Re: [patch] fs: aio fix rcu lookup

Jan Kara <jack@xxxxxxx> · Thu, 20 Jan 2011 21:16:02 +0100

On Fri 21-01-11 05:31:53, Nick Piggin wrote:
> On Thu, Jan 20, 2011 at 3:03 PM, Paul E. McKenney
> <paulmck@xxxxxxxxxxxxxxxxxx> wrote:
> > On Thu, Jan 20, 2011 at 08:20:00AM +1100, Nick Piggin wrote:
> >> On Thu, Jan 20, 2011 at 8:03 AM, Jeff Moyer <jmoyer@xxxxxxxxxx> wrote:
> >> >> I don't know exactly how all programs use io_destroy -- of the small
> >> >> number that do, probably an even smaller number would care here. But I
> >> >> don't think it simplifies things enough to use synchronize_rcu for it.
> >> >
> >> > Above it sounded like you didn't think AIO should be using RCU at all.
> >>
> >> synchronize_rcu of course, not RCU (typo).
> >
> > I think that Nick is suggesting that call_rcu() be used instead.
> > Perhaps also very sparing use of synchronize_rcu_expedited(), which
> > is faster than synchronize_rcu(), but which which uses more CPU time.
> 
> call_rcu() is the obvious alternative, yes.
> 
> Basically, once we give in to synchronize_rcu() we're basically giving
> up. That's certainly a very good tradeoff for something like filesystem
> unregistration or module unload, it buys big simplifications in real
> fastpaths. But I just don't think it should be taken lightly.
So in the end, I've realized I don't need synchronize_rcu() at all and
in fact everything is OK even without call_rcu() if I base my fix on top
of your patch.

Attached is your patch with added comment I proposed and also a patch
fixing the second race. Better?

								Honza
-- 
Jan Kara <jack@xxxxxxx>
SUSE Labs, CR
>From 68857d7f2087edbbc5ee1d828f151ac46406f3be Mon Sep 17 00:00:00 2001
From: Nick Piggin <npiggin@xxxxxxxxx>
Date: Thu, 20 Jan 2011 20:08:52 +0100
Subject: [PATCH 1/2] fs: Fix aio rcu ioctx lookup

aio-dio-invalidate-failure GPFs in aio_put_req from io_submit.

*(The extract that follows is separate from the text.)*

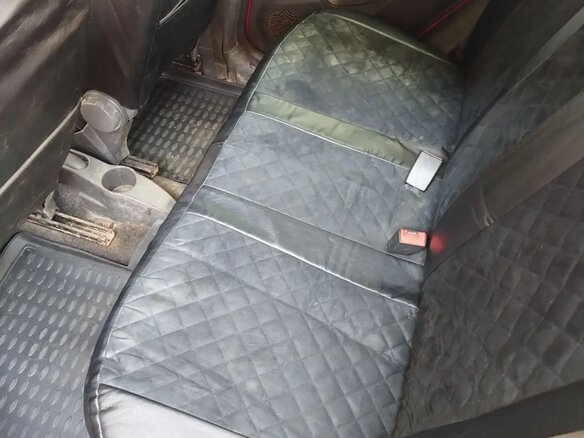 2008 Fiat Panda II, красный - вид 12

lookup_ioctx doesn't implement the rcu lookup pattern properly.  rcu_read_lock
does not prevent refcount going to zero, so we might take a refcount on a zero
count ioctx.

Fix the bug by atomically testing for zero refcount before incrementing.

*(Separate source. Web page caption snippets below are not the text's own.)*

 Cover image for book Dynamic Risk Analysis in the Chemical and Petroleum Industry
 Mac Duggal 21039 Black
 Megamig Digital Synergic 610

[JK: Added comment into the code]

Signed-off-by: Nick Piggin <npiggin@xxxxxxxxx>
Signed-off-by: Jan Kara <jack@xxxxxxx>
---
 fs/aio.c |   35 ++++++++++++++++++++++++-----------
 1 files changed, 24 insertions(+), 11 deletions(-)

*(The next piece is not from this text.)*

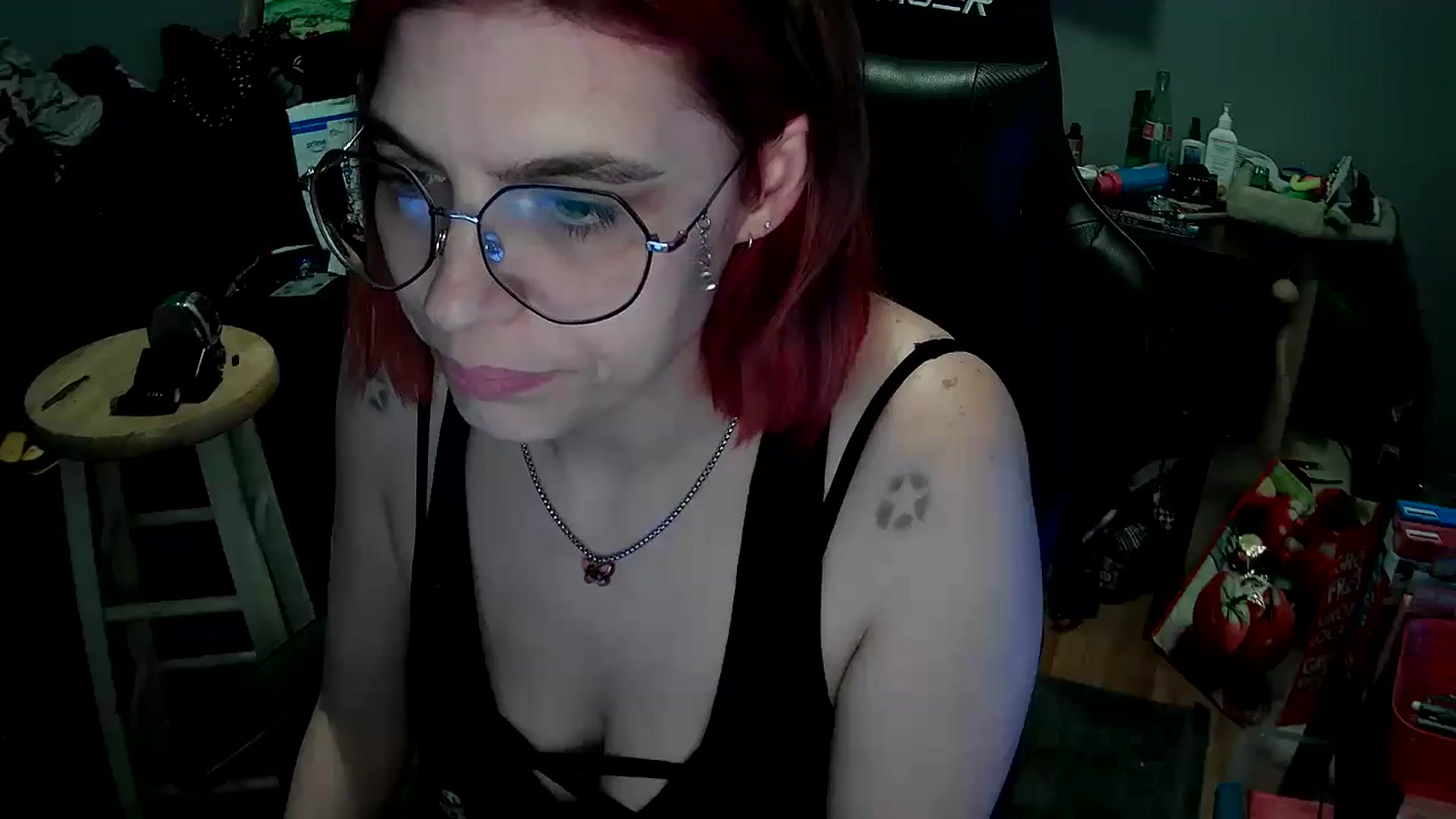 Gallery image thumbnail from FaelynnAvery's myfreecams stream on, 07/25/2024, 13:11 image 5 of 20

diff --git a/fs/aio.c b/fs/aio.c
index fc557a3..b4dd668 100644
--- a/fs/aio.c
+++ b/fs/aio.c
@@ -239,15 +239,23 @@ static void __put_ioctx(struct kioctx *ctx)
 	call_rcu(&ctx->rcu_head, ctx_rcu_free);
 }
 
-#define get_ioctx(kioctx) do {						\
-	BUG_ON(atomic_read(&(kioctx)->users) <= 0);			\
-	atomic_inc(&(kioctx)->users);					\
-} while (0)
-#define put_ioctx(kioctx) do {						\
-	BUG_ON(atomic_read(&(kioctx)->users) <= 0);			\
-	if (unlikely(atomic_dec_and_test(&(kioctx)->users))) 		\
-		__put_ioctx(kioctx);					\
-} while (0)
+static inline void get_ioctx(struct kioctx *kioctx)
+{
+	BUG_ON(atomic_read(&kioctx->users) <= 0);
+	atomic_inc(&kioctx->users);
+}
+
+static inline int try_get_ioctx(struct kioctx *kioctx)
+{
+	return atomic_inc_not_zero(&kioctx->users);
+}
+
+static inline void put_ioctx(struct kioctx *kioctx)
+{
+	BUG_ON(atomic_read(&kioctx->users) <= 0);
+	if (unlikely(atomic_dec_and_test(&kioctx->users)))
+		__put_ioctx(kioctx);
+}
 
 /* ioctx_alloc
  *	Allocates and initializes an ioctx.  Returns an ERR_PTR if it failed.
@@ -601,8 +609,13 @@ static struct kioctx *lookup_ioctx(unsigned long ctx_id)
 	rcu_read_lock();
 
 	hlist_for_each_entry_rcu(ctx, n, &mm->ioctx_list, list) {
-		if (ctx->user_id == ctx_id && !ctx->dead) {
-			get_ioctx(ctx);
+		/*
+		 * RCU protects us against accessing freed memory but
+		 * we have to be careful not to get a reference when the
+		 * reference count already dropped to 0 (ctx->dead test
+		 * is unreliable because of races).
+		 */
+		if (ctx->user_id == ctx_id && !ctx->dead && try_get_ioctx(ctx)){
 			ret = ctx;
 			break;
 		}
-- 
1.7.1

>From 6d5375d55b5d88e8ceda739052566e033be620c2 Mon Sep 17 00:00:00 2001
From: Jan Kara <jack@xxxxxxx>
Date: Wed, 19 Jan 2011 00:37:48 +0100
Subject: [PATCH 2/2] fs: Fix race between io_destroy() and io_submit() in AIO

A race can occur when io_submit() races with io_destroy():

 CPU1						CPU2
io_submit()
  do_io_submit()
    ...
    ctx = lookup_ioctx(ctx_id);
						io_destroy()
    Now do_io_submit() holds the last reference to ctx.
    ...
    queue new AIO
    put_ioctx(ctx) - frees ctx with active AIOs

We solve this issue by checking whether ctx is being destroyed
in AIO submission path after adding new AIO to ctx. Then we
are guaranteed that either io_destroy() waits for new AIO or
we see that ctx is being destroyed and bail out.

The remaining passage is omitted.